_Your task_
Reproduce the material below only from the line with "BEACHSIDE GETAWAY DROMANA" to the line with "Terraced house for", both included, keeping each line exact and dropping the pictures.

_Listed entries_

------------------------------------------------------------------------

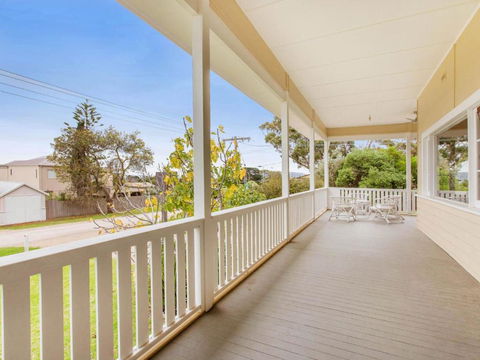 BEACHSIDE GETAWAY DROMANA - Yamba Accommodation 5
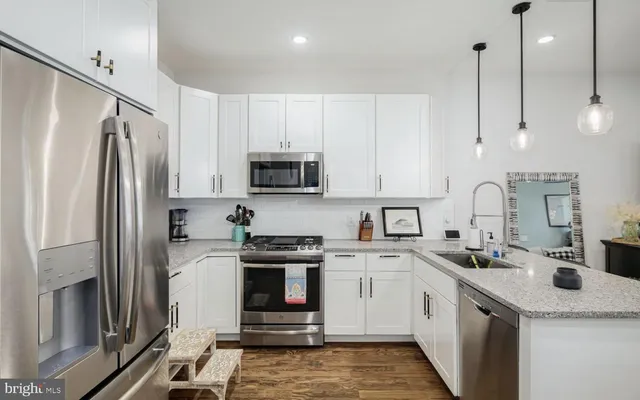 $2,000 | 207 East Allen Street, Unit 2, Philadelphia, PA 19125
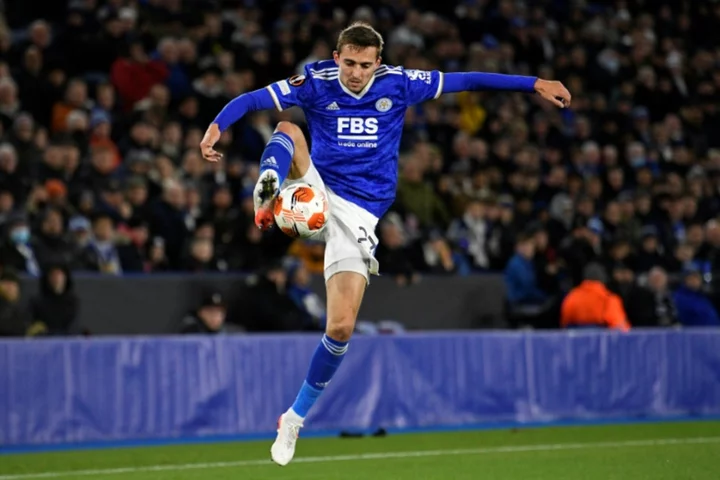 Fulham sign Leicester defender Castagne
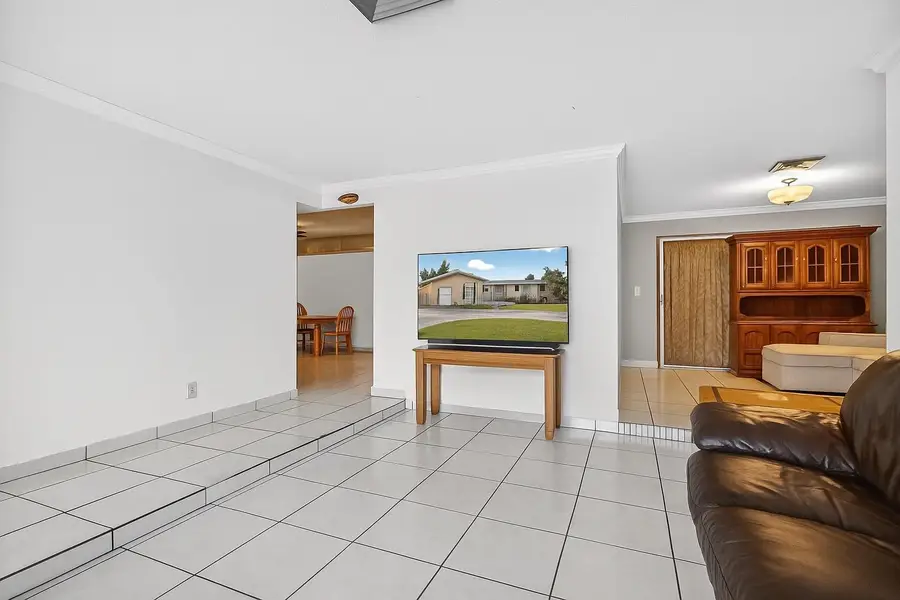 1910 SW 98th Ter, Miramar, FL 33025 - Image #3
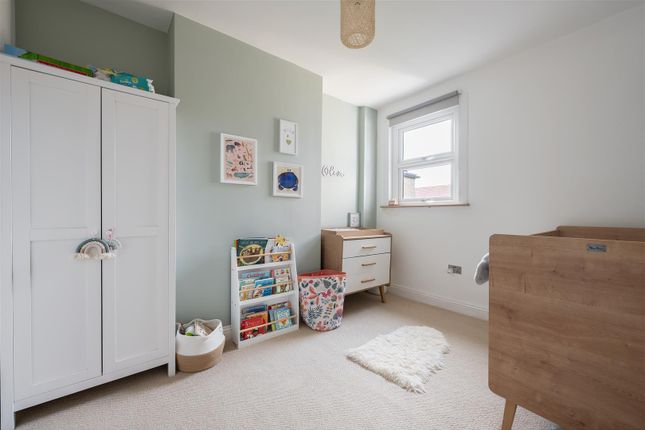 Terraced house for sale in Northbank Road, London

------------------------------------------------------------------------

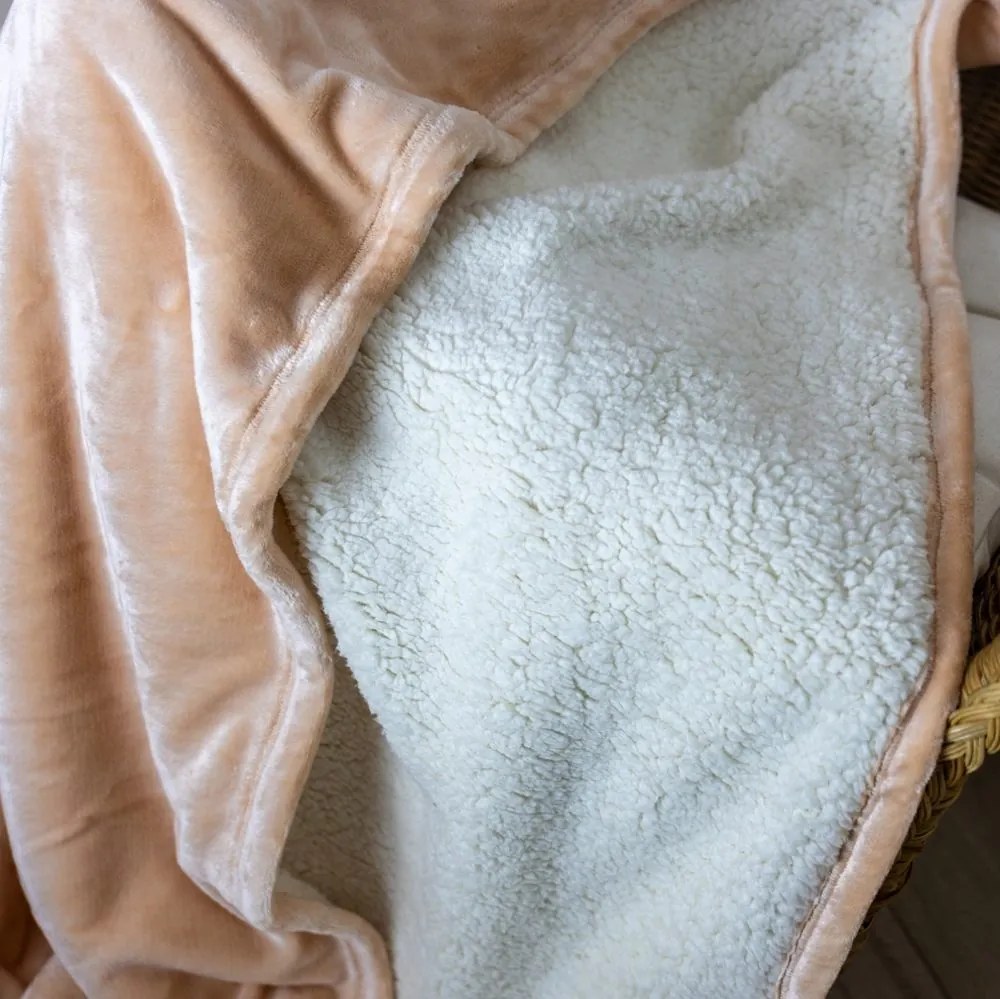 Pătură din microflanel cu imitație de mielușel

------------------------------------------------------------------------

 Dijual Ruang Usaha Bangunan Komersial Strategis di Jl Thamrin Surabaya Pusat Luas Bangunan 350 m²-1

------------------------------------------------------------------------

_Task result_
 BEACHSIDE GETAWAY DROMANA - Yamba Accommodation 5
 $2,000 | 207 East Allen Street, Unit 2, Philadelphia, PA 19125
 Fulham sign Leicester defender Castagne
 1910 SW 98th Ter, Miramar, FL 33025 - Image #3
 Terraced house for sale in Northbank Road, London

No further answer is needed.